As my Uzbek team mates already know and none of the rest of you want to know, I am quite comfortable with nudity. Yet, I’m not sure how I feel about public nudity.
For example, I had no problem in the girl’s locker room in high school with public showers. I figure, we’ve all got it so what’s the big deal? But one of my most embarrassing high school moments was when my shirt got stuck on the cafeteria table and, when I pulled the table up from the middle to fold it together, my shirt went straight up with the table. Of course, the table latched and I was in the middle of the cafeteria, my shirt over my head, hanging there until someone could help me.
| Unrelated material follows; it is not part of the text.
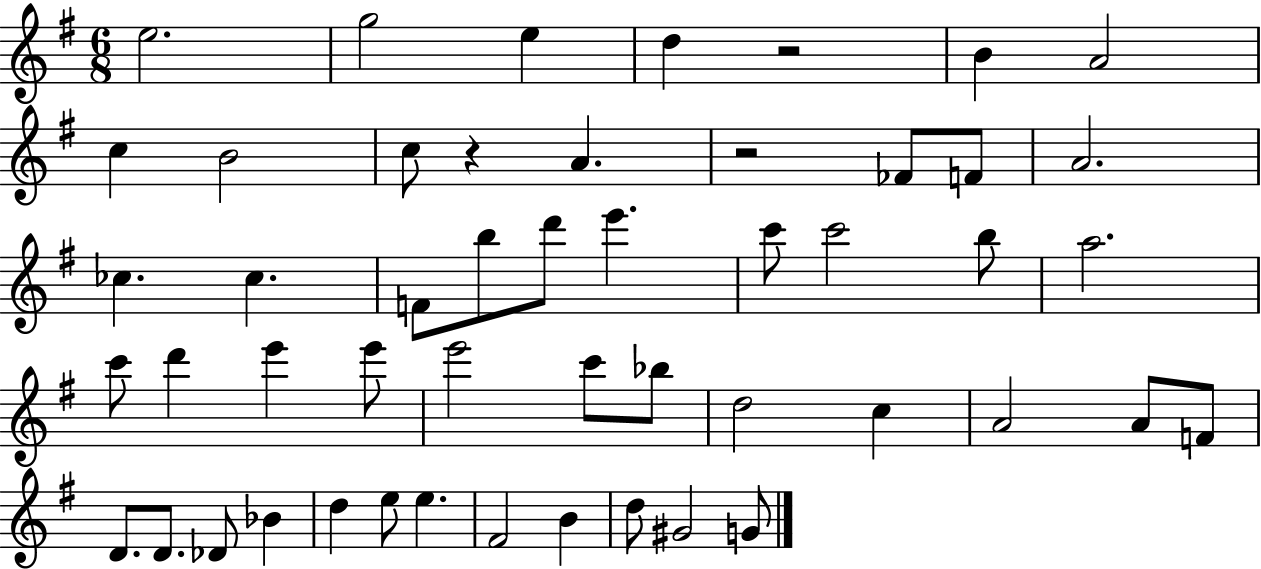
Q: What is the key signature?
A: G major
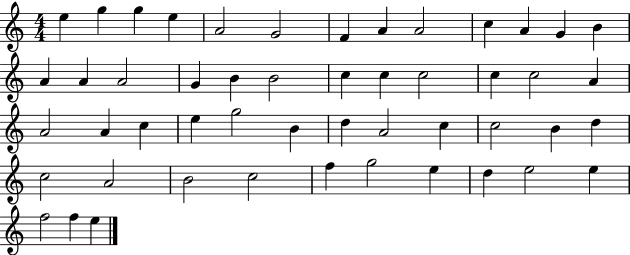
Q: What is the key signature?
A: C major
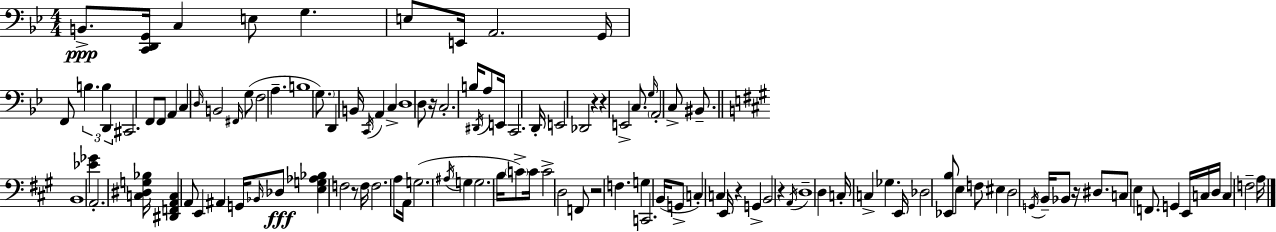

So, while comfortable in certain situations, other situations I am not comfortable with. One of them that I am quite sure would make me feel uncomfortable is flying naked. Imagine boarding the plane, taking off all your clothes, and sitting down. Once grounding at the destination, you put your clothes back on and deplane. Really? What is the point?
I guess if you are the naked flying type of person, you might be excited to know that you can. But you have to fly from Erfurt, Germany to Usedom on July 5th. According to Reuters.com, it will cost about $735. Check it out:
FRANKFURT (Reuters) – German nudists will be able to start their holidays early by stripping off on the plane if they take up a new offer from an eastern German travel firm.
Travel agency OssiUrlaub.de said it would start taking bookings from Friday for a trial nudist day trip from the eastern German town of Erfurt to the popular Baltic Sea resort of Usedom, planned for July 5 and costing 499 euros ($735).
“It’s expensive, I know,” managing director Enrico Hess told Reuters by phone. “It’s because the plane’s very small. There’s no real reason why a flight in which one flies naked should be more expensive than any other.”
The 55 passengers will have to remain clothed until they board, and dress before disembarking, said Hess. The crew will remain clothed throughout the flight for safety reasons.
“I wish I could say we thought of it ourselves but the idea came from a customer,” Hess told Reuters by phone. “It’s an unusual gap in the market.”
Naturism, or “free body culture” (FKK) as it is known in Germany, was banned by the Nazis but blossomed again after the Second World War, particularly in eastern Germany.
“There are FKK hotels where you can go into the restaurants and shops naked, for example,” Hess said. “For FKK fans — not that I’m one of them — it’s nothing unusual.”
“I don’t want people to get the wrong idea. It’s not that we’re starting a swinger club in mid-air or something like that,” he added. “We’re a perfectly normal holiday company.”